> [STUDY MATERIAL]:
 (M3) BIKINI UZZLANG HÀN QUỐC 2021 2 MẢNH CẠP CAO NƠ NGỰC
--
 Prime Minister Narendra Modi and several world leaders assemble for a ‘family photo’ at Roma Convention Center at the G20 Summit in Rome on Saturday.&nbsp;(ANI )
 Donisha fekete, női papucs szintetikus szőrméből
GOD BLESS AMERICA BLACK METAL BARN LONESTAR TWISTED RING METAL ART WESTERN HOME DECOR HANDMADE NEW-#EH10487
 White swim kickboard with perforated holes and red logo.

> [WHAT YOU HAVE TO DO]: Scan the records above for the lines holding "Donisha fekete, női" and "White swim kickboard". Transcribe those two and every line between them word for word, and no others.

> [SOLUTION BELOW]:
 Donisha fekete, női papucs szintetikus szőrméből
GOD BLESS AMERICA BLACK METAL BARN LONESTAR TWISTED RING METAL ART WESTERN HOME DECOR HANDMADE NEW-#EH10487
 White swim kickboard with perforated holes and red logo.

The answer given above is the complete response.